Endurance cardio tends to be catabolic (“breaking-down”) while weight training is thought of as anabolic (“building-up”). The hormonal enviroment which is produced with long sessions of low intensity cardio is not the same as the one which is needed for gaining mass and strength. The body can balance these pretty well, as long as both activities are kept in the desired proportion. Indeed, well-directed strength training can also benefit people who make endurance training their main focus.
So how much is too much? A moderate amount of cardio, say three or four 20-minute sessions per week, should pose no problem. You may wish to experiment with different amounts and intensities of cardio to see what works for you. For example, substituting 15-minute sessions of sprints for a typical cardio session may actually improve your performance overall, while too much of this might hinder the development of squatting strength. Regular walking may serve you well as “active recovery”, but power walking an hour a day may cut into your gains. The opposite is true for an endurance athlete: if endurance training is your main goal, then keep strength training moderate and tailored to your needs. Three general rules, then: everything in moderation, work according to your goals, and don’t be afraid to experiment.

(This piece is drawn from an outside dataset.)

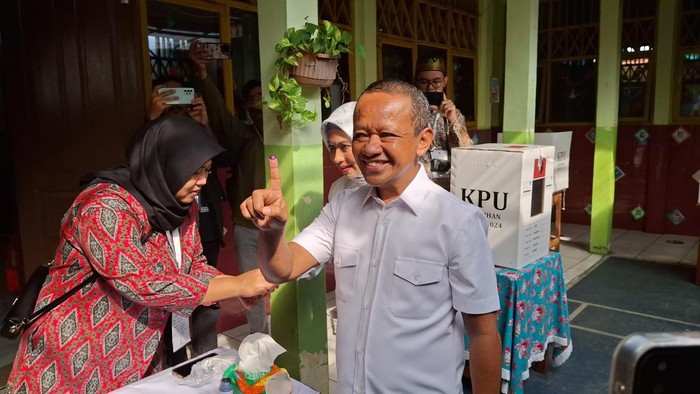RK-Suswono unggul di TPS tempat Ketum Golkar Bahlil Lahadalia mencoblos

what kind of cardio is best for you?
Well, the answer to that depends on your own needs and interests.
- What activities do you like to do? Irrespective of any other consideration, sometimes the best exercise is whatever you’ll do regularly. Do you like to dance, whack a punching bag, jump rope or ride bikes with the kids, throw a frisbee around, chase a soccer ball, hike through nature, walk through a shopping mall looking at the fabu new shoes? As best as possible, do something you enjoy.
- What do you want out of your cardio? Do you want it to give you cardiovascular endurance? Do you want to improve your speed? Do you want to improve your general fitness? Do you want some lighter, “active recovery” cardio for rehab and restoration? Do you enjoy the social atmosphere of a walking partner or cardio class? Do you want fat loss?
- How much time are you willing to devote to it? If cardio endurance isn’t your main goal, then you don’t need to do huge amounts of it. 3-4 sessions a week of 20 minutes per session is fine. If you’re short on time but still want to train cardio, experiment with using brief episodes higher intensity cardio, such as sprints, hill/stair runs, or jumping rope. 10 minutes of sprints will make a big difference if done regularly.
- What’s your starting level of fitness? Tailor the intensity to your abilities. Don’t start running if you can’t briskly walk well. Build a base of cardio fitness and work from there. A good way to develop your ability is to gradually introduce “intervals” of higher intensity alternated with “intervals” of lower intensity. I put “intervals” in quotes because it could be something as simple as walking up a hill, walking briskly, jogging, whatever you can do for 30 seconds or a couple minutes at a faster pace. It doesn’t need to be the standard sprint-walk of regular interval training.
The bottom line is this: cardio and aerobic activity have a place in a well-rounded fitness program. But what their place is, and what that looks like, is up to you. You don’t need to follow anyone else’s exercise prescription, and you don’t need to worry that you’re doing the cardio “wrong”. If you are working within your abilities, are building a good base of general fitness, and are tailoring your activities to your goals and interests, then don’t, uh, sweat the small stuff.